***** Dataset section *****

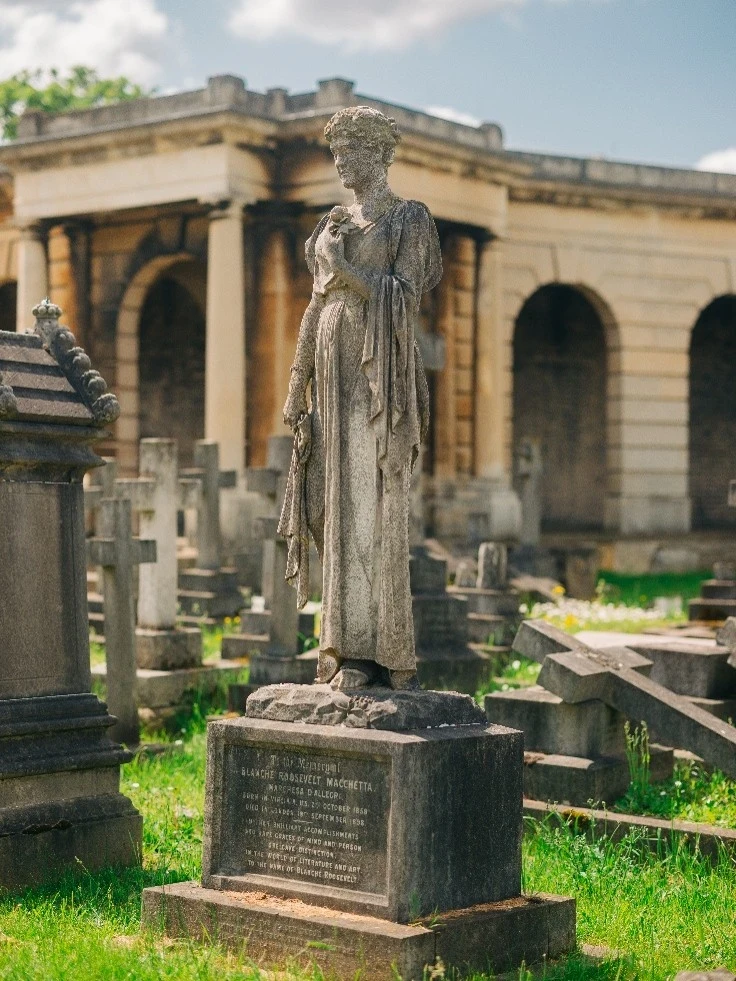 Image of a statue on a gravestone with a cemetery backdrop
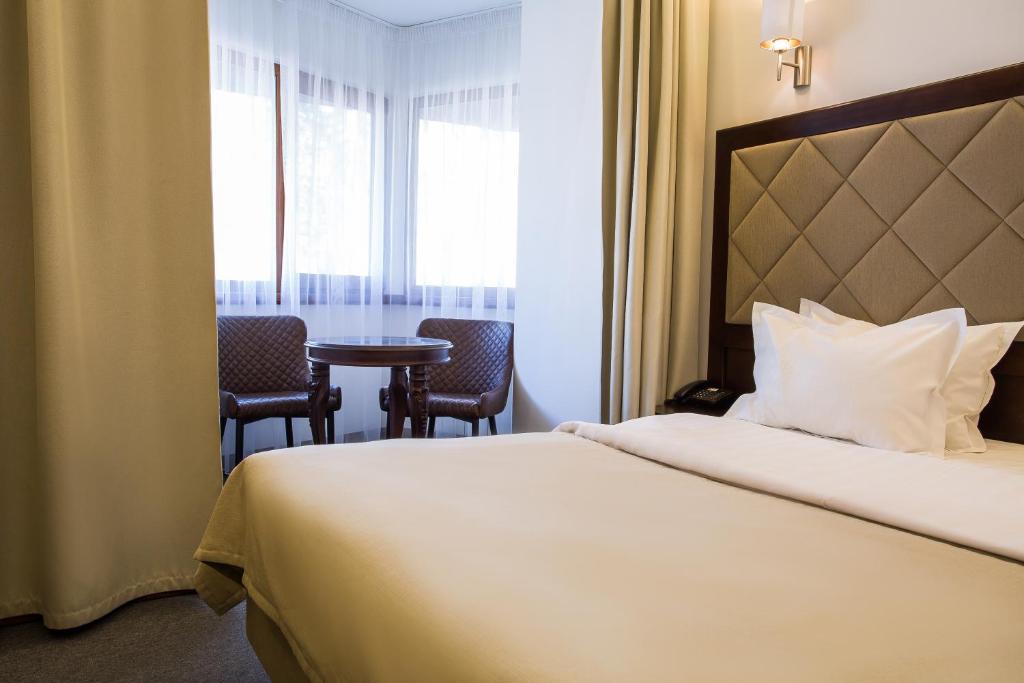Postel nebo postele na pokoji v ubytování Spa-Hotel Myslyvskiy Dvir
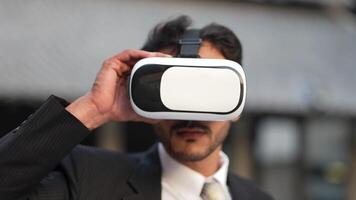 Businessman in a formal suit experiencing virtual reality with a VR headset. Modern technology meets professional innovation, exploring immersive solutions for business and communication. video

*****

Could all the data above be given again exactly, leaving out its images?

| Problem solution |
 Image of a statue on a gravestone with a cemetery backdrop
Postel nebo postele na pokoji v ubytování Spa-Hotel Myslyvskiy Dvir
 Businessman in a formal suit experiencing virtual reality with a VR headset. Modern technology meets professional innovation, exploring immersive solutions for business and communication. video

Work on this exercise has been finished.